Not to mention, the “parent” is often different as well. Communications today originate more and more from text, chat, or collaboration apps – each of which has the same capability to include embedded or linked files (including photos, videos, emojis, etc.). In modern communications today, you never know for sure where a conversation will start, what files it may include or where they may be located.

Multi-Channel Communications Today

Here’s one more wrinkle for you to consider: A single conversation may span multiple channels and they may or may not be linked.

Consider this hypothetical scenario: An employee sends an email to his boss with a link to an important report stored in Google Vault. When he doesn’t get an answer to the email, he reaches out to the boss via text to make sure she’s aware of the email and that it’s time sensitive and important. The boss may suggest opening a discussion in Slack among the team to obtain feedback, which may lead to a web meeting in Teams to further the discussion (which is recorded because a couple of team members can’t make the meeting). That could lead to additional discussions in Slack or via email in separate threads that tie to the overall discussion.

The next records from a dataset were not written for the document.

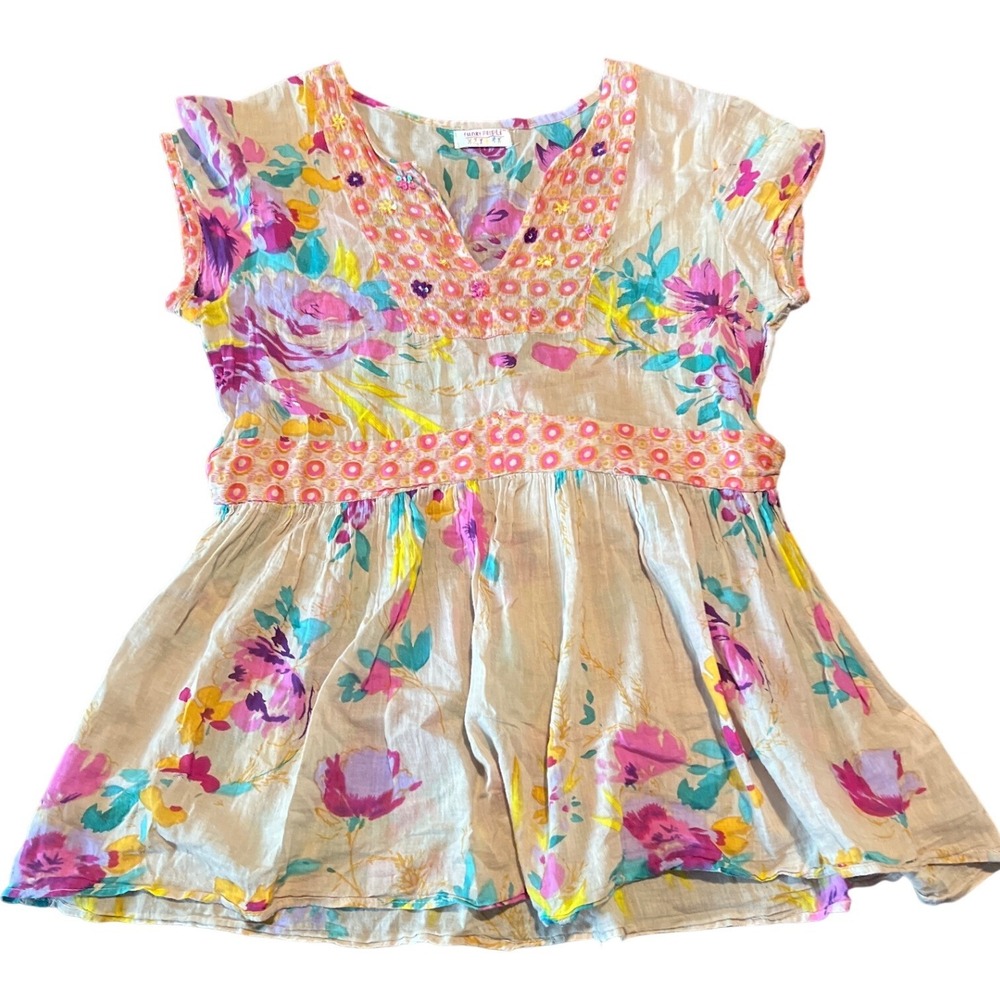 Funky People  Floral Cotton Tunic Top Sequin V-Neck Boho Back Tie‎ Multicolor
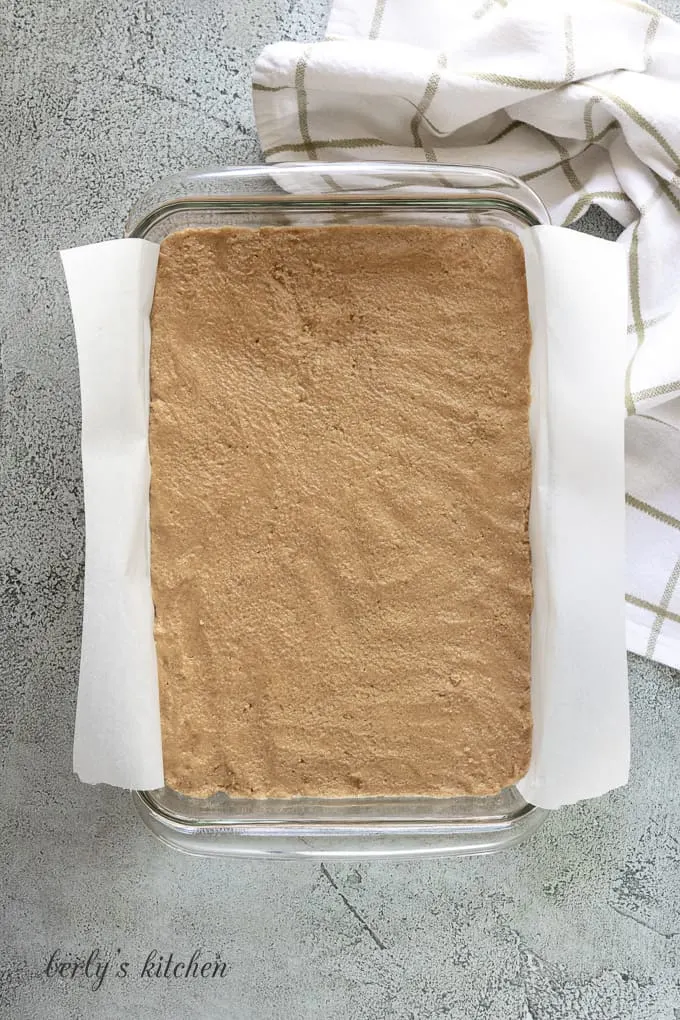 The filling has been added to the prepared dish.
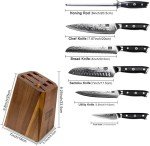 SHAN ZU 7-Piece Damascus Chef Knife Set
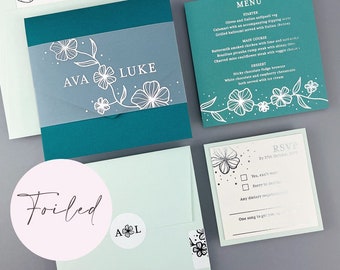 SAMPLE ONLY *Ava Wrap Foiled Wedding Invitation with printed vellum belly band
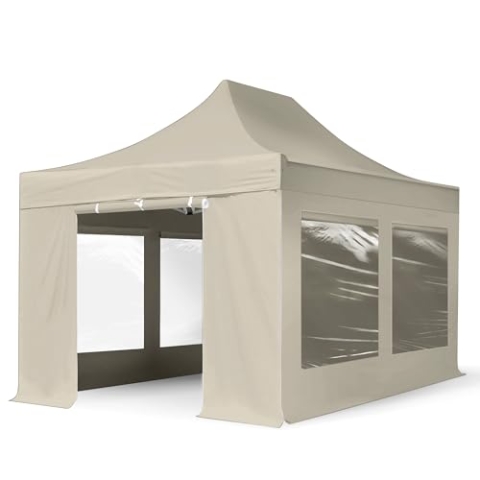 TOOLPORT Faltzelt Professional 3x4,5 m - mit 4 Seitenteilen (Panoramafenster) Faltpavillon ALU Pavillon Partyzelt Creme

You may not fully understand how many pieces there are to the conversation until you follow the communication patterns across all the channels. That’s the challenge of multi-channel communications today.

Bringing Modern and Multi-Channel Communications Together

How do you bring modern and multi-channel communications together? By leveraging analytics technology and the expertise to use that technology to piece together the “jigsaw puzzle” of conversations today and by combining capabilities such as key entity analysis (where the key names and organizations are identified and linked to relevant topics, events, and data points), timeline analysis (identify conversation gaps and anomalies as well as pinpoint critical periods in your data) and communication analysis (analyze patterns and connections in email, chat, messaging, and more) along with the expertise to use these capabilities and the experience to apply them to data within organizations today.

Conclusion

Getting “the message” today is more complex than it has ever been. Understanding the considerations for using mobile devices and chat/collaboration apps as well as the considerations for handling them in discovery is important. But it’s also important to understand the evolution of how we currently communicate because it may impact the sources of communication data we must address in the future. Modern communications are multi-channel and continuing to evolve – you can either embrace the evolution or reject it and fall behind – it’s your choice!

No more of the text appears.